Exercise: The required output is the exact run of lines below that opens at the line with "Fendi Velvet Embroidered" and closes at the line with "30 Pcs Stick".

-- Entries supplied follows --

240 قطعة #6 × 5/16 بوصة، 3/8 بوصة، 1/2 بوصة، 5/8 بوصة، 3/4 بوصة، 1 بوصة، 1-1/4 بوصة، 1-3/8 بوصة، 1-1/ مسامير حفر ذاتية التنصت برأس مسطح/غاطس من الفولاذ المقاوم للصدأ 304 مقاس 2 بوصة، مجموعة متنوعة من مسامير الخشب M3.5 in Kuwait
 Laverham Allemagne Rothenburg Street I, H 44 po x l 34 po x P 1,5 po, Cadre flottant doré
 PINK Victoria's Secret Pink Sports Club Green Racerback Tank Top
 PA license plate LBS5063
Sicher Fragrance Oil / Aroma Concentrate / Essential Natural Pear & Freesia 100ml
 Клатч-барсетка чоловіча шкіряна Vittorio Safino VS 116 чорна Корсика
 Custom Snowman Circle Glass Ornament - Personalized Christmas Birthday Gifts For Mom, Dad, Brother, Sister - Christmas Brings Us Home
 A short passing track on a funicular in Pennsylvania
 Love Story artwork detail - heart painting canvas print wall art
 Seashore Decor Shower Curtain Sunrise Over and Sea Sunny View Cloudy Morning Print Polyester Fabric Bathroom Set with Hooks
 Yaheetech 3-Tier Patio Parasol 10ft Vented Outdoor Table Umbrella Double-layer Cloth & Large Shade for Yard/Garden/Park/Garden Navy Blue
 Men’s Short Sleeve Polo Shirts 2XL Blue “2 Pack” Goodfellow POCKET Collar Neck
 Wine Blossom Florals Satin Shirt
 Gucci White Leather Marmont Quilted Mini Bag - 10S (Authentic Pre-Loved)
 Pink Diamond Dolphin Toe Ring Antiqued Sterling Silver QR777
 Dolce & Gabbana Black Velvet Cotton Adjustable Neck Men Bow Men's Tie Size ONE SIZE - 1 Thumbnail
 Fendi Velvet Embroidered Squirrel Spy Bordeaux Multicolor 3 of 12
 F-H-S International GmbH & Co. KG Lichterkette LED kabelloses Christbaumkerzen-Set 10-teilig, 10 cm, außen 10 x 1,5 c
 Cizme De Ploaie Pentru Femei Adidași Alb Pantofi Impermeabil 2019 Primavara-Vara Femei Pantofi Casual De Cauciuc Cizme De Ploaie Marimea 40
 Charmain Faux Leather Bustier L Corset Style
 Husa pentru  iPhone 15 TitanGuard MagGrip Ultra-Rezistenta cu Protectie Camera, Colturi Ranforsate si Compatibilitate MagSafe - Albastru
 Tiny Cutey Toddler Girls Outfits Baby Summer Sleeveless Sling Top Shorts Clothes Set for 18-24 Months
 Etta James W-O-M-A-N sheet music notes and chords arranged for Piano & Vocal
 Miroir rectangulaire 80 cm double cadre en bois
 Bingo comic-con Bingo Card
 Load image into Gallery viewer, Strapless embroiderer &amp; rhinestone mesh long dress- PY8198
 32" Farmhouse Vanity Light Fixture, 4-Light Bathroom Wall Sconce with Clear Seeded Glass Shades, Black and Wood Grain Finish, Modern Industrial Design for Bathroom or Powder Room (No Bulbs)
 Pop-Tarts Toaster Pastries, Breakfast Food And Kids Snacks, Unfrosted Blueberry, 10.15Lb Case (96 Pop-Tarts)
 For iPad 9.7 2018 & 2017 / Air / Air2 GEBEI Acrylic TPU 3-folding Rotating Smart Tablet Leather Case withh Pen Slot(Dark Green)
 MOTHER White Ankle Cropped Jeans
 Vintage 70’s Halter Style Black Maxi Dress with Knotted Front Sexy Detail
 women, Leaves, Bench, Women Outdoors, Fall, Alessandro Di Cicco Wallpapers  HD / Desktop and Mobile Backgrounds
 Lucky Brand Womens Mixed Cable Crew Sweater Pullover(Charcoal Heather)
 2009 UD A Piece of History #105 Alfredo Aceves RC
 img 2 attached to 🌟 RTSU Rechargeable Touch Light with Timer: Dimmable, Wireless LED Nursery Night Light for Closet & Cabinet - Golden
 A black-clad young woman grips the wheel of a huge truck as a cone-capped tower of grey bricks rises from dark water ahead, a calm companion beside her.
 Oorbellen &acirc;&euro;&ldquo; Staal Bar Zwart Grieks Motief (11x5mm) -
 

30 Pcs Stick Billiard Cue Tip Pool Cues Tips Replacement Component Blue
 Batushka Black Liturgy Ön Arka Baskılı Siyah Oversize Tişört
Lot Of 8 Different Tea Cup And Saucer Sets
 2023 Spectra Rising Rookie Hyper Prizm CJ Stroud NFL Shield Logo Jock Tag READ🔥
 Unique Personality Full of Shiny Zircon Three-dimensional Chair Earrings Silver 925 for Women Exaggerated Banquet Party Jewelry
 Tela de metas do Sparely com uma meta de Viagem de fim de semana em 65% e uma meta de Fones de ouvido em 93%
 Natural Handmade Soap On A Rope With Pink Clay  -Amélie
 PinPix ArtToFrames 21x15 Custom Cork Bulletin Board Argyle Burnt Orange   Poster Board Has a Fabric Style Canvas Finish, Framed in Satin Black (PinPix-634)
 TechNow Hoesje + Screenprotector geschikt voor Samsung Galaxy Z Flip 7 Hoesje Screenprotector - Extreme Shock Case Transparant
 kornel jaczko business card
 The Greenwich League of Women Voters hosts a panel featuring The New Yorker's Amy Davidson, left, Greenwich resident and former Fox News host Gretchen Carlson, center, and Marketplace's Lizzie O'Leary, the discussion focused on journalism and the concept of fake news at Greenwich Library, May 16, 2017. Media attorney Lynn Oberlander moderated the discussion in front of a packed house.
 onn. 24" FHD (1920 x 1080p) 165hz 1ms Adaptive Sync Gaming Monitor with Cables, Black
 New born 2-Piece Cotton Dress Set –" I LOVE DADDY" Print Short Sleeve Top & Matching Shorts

-- Entries supplied concluded --

Exercise result:
 Fendi Velvet Embroidered Squirrel Spy Bordeaux Multicolor 3 of 12
 F-H-S International GmbH & Co. KG Lichterkette LED kabelloses Christbaumkerzen-Set 10-teilig, 10 cm, außen 10 x 1,5 c
 Cizme De Ploaie Pentru Femei Adidași Alb Pantofi Impermeabil 2019 Primavara-Vara Femei Pantofi Casual De Cauciuc Cizme De Ploaie Marimea 40
 Charmain Faux Leather Bustier L Corset Style
 Husa pentru  iPhone 15 TitanGuard MagGrip Ultra-Rezistenta cu Protectie Camera, Colturi Ranforsate si Compatibilitate MagSafe - Albastru
 Tiny Cutey Toddler Girls Outfits Baby Summer Sleeveless Sling Top Shorts Clothes Set for 18-24 Months
 Etta James W-O-M-A-N sheet music notes and chords arranged for Piano & Vocal
 Miroir rectangulaire 80 cm double cadre en bois
 Bingo comic-con Bingo Card
 Load image into Gallery viewer, Strapless embroiderer &amp; rhinestone mesh long dress- PY8198
 32" Farmhouse Vanity Light Fixture, 4-Light Bathroom Wall Sconce with Clear Seeded Glass Shades, Black and Wood Grain Finish, Modern Industrial Design for Bathroom or Powder Room (No Bulbs)
 Pop-Tarts Toaster Pastries, Breakfast Food And Kids Snacks, Unfrosted Blueberry, 10.15Lb Case (96 Pop-Tarts)
 For iPad 9.7 2018 & 2017 / Air / Air2 GEBEI Acrylic TPU 3-folding Rotating Smart Tablet Leather Case withh Pen Slot(Dark Green)
 MOTHER White Ankle Cropped Jeans
 Vintage 70’s Halter Style Black Maxi Dress with Knotted Front Sexy Detail
 women, Leaves, Bench, Women Outdoors, Fall, Alessandro Di Cicco Wallpapers  HD / Desktop and Mobile Backgrounds
 Lucky Brand Womens Mixed Cable Crew Sweater Pullover(Charcoal Heather)
 2009 UD A Piece of History #105 Alfredo Aceves RC
 img 2 attached to 🌟 RTSU Rechargeable Touch Light with Timer: Dimmable, Wireless LED Nursery Night Light for Closet & Cabinet - Golden
 A black-clad young woman grips the wheel of a huge truck as a cone-capped tower of grey bricks rises from dark water ahead, a calm companion beside her.
 Oorbellen &acirc;&euro;&ldquo; Staal Bar Zwart Grieks Motief (11x5mm) -
 

30 Pcs Stick Billiard Cue Tip Pool Cues Tips Replacement Component Blue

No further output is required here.